Right now, it’s too much to ask Maine to be that pitcher. Based on spring training, the right-hander should be the No. 4 or No. 5. Manuel moved him up to the two spot, dropping Mike Pelfrey to No. 4 and Oliver Perez to five.
It’s almost unfathomable how much ink has been spilled analyzing the order of the Mets’ pitching rotation the first time through. Kernan’s main point — that the Mets could have massively benefited from signing a starting pitcher this offseason — is reasonable. Pointing to the order in which they’ll pitch their starters is not.

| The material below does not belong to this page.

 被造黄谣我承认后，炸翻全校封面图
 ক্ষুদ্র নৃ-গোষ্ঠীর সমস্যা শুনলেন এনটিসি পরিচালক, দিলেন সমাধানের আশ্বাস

Again: It just doesn’t matter. Mike Pelfrey is not the Mets’ No. 4 starter. He is the starter pitching the fourth game of the season. If he stays healthy and effective, he will start 33 games. If he’s the second- or third-best of the guys who finish the season in the Mets’ rotation, people will label him the No. 2 or the No. 3, and that’s fine. But it will have nothing to do with when in the week he pitches.
The Mets, I’m nearly certain, pitched Maine the day after Santana and Perez the day after Pelfrey for a reason, and it had nothing to do with thinking Maine was their second-best starter. Maine and Perez, based on last year’s results, are the starters least likely to go deep in games and so most likely to tax the bullpen. Santana and, for better or worse, Pelfrey, can generally be counted on for innings.
Pitching Maine and Perez on back-to-back nights could have been damning for a bullpen already full of uncertainty.
I don’t imagine Jerry Manuel or anyone else would go on record saying as much, because doing so would be a slight to Perez and Maine. But ordering the rotation like the Mets did is actually, given the way the organization has handled minor decisions lately, a pretty clever one.
As for Lackey, he looked great last night. But I’m going to wait until at least the conclusion of Year 3 of his five-year, $81 million contract before I start saying for sure that the Mets made a mistake in not signing him. And if we’re going off samples this small, the Mets have a pretty solid case for choosing Jason Bay instead: He’s got a 1.413 OPS so far.